Simulated Author's Rebuttal

2 responses · 0 unresolved

We thank the referee for their constructive feedback. We address each major comment below and have revised the manuscript to provide the requested details and analyses.

read point-by-point responses

Referee: [Experiments] §Experiments (results tables and text): the abstract and main results claim clear outperformance on real-robot tasks, yet the manuscript provides no full details on baseline implementations, exact metrics, data splits, or ablation controls. This is load-bearing for the central claim that latent pretraining, rather than other factors, drives the gains over both video-only methods and labeled SOTA VLAs.
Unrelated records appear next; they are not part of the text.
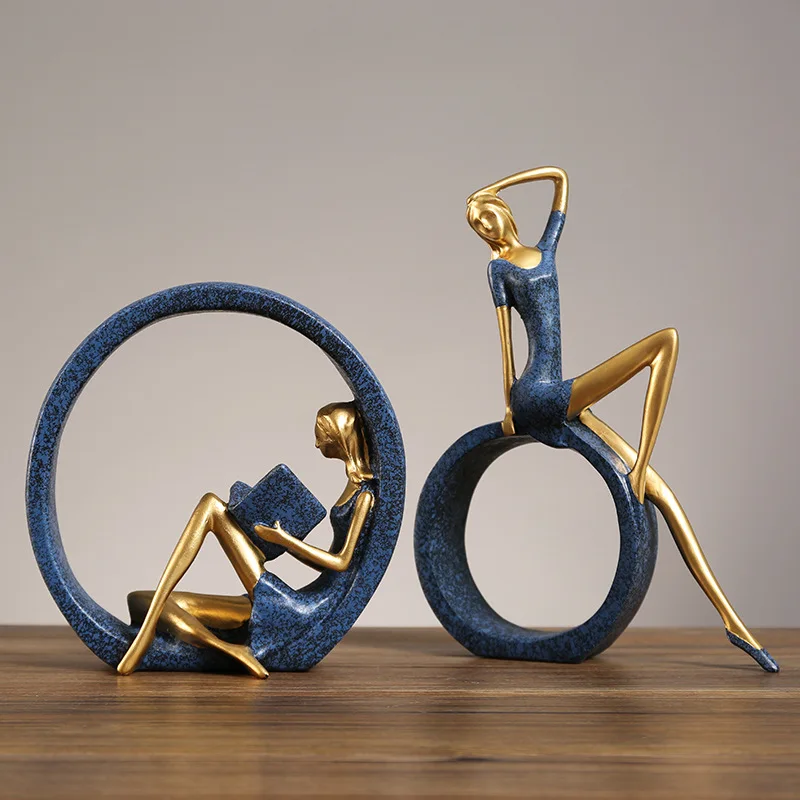 

Yoga With a Girl Who Reads Books Resin Statue Nordic Abstract Ornaments For Figurines Interior Sculpture Room Home Decor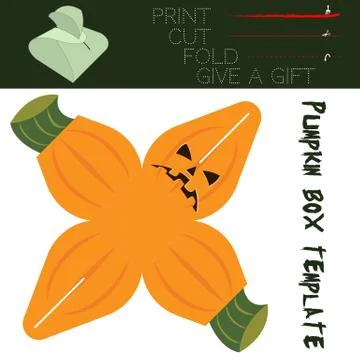 Box cut in the form Pumpkin, for candy on Halloween Stock Illustration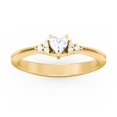 thumbnail image 2 of Birthstone Heart Ring with Shoulder Accents - Cubic Zirconia / White Topaz (April), 2 of 4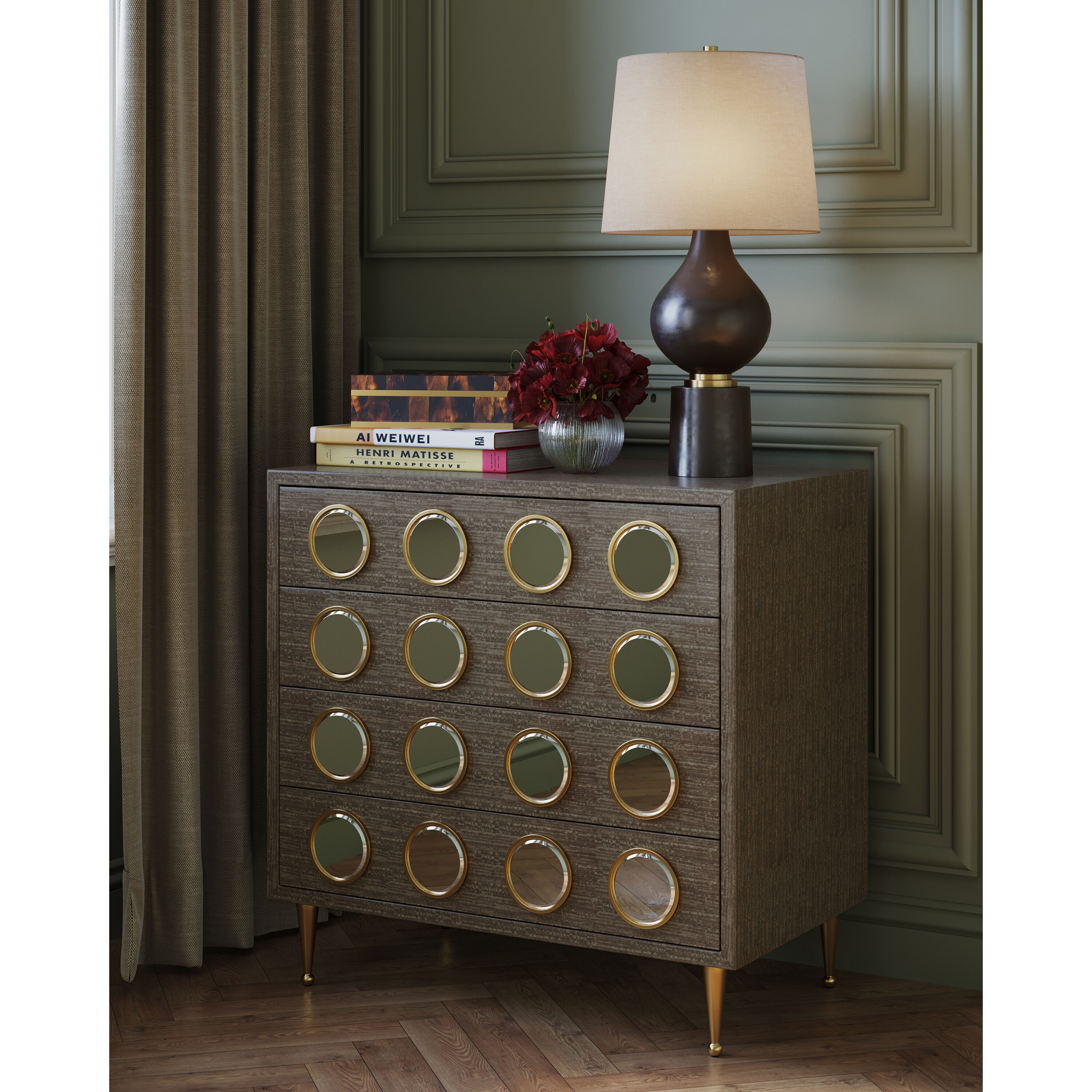 Tamerlane 27.5 inch 150 watt Black Nickel/Vintage Brass Table Lamp Portable Light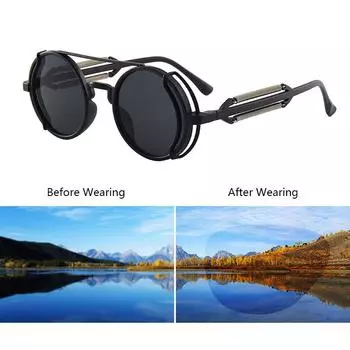 Очарование Популярный Ретро Готический Стиль Мужчины Женщины Круглый Унисекс Панк UV400 Высококачественные Солнцезащитные Очки Горячая Распродажа Стимпанк Очки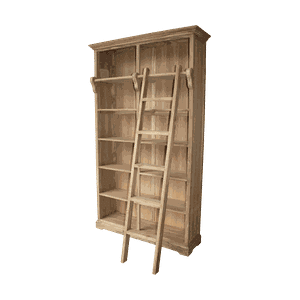 HSM Collection Boekenkast met trap - blank - teak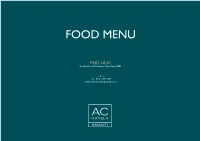 AC Food Menu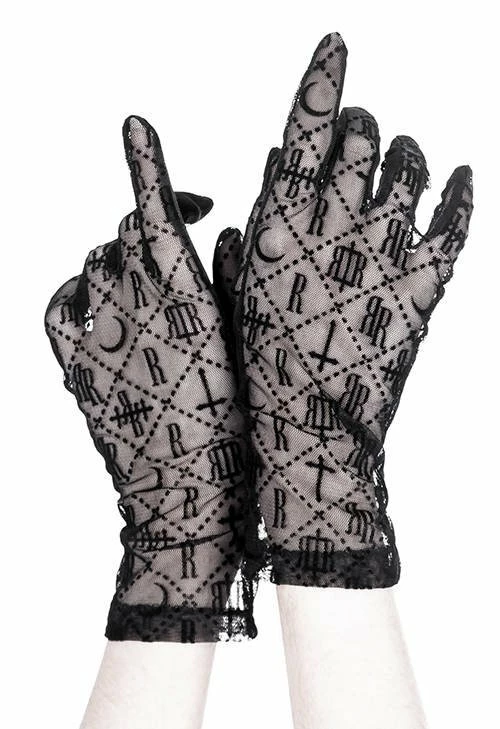 Restyle Black Gothic Mesh Luxurious Goth Gloves - Image 2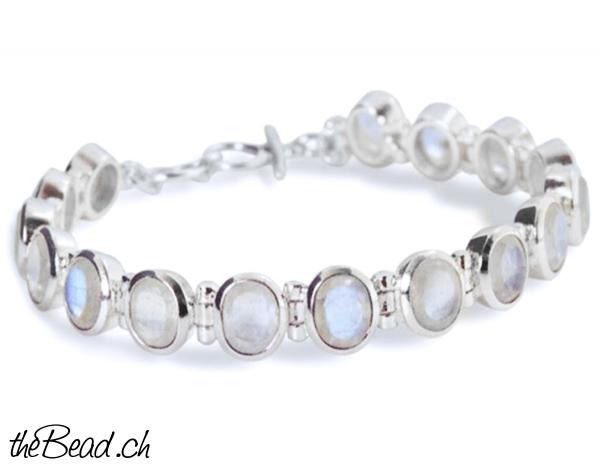 rainbow moonstone silber damenarmband armband geschenkidee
Authors: We agree that additional experimental details are required to substantiate the claims. In the revised manuscript we have expanded the Experiments section with full descriptions of baseline implementations (including how video-only and labeled SOTA VLA models were reproduced), exact success-rate metrics, training/validation/test splits, and new ablation controls that isolate the contribution of latent pretraining. These additions confirm that performance gains are attributable to the proposed method. revision: yes
Referee: [Method] Method (VQ-VAE pretraining and finetuning pipeline): no reconstruction metrics, cross-embodiment alignment scores, or ablation that replaces the VQ-VAE latent objective with a standard reconstruction or contrastive loss are reported. Without these, it remains unclear whether the discrete codes encode robot-controllable dynamics (as required for successful finetuning transfer) or primarily visual appearance changes.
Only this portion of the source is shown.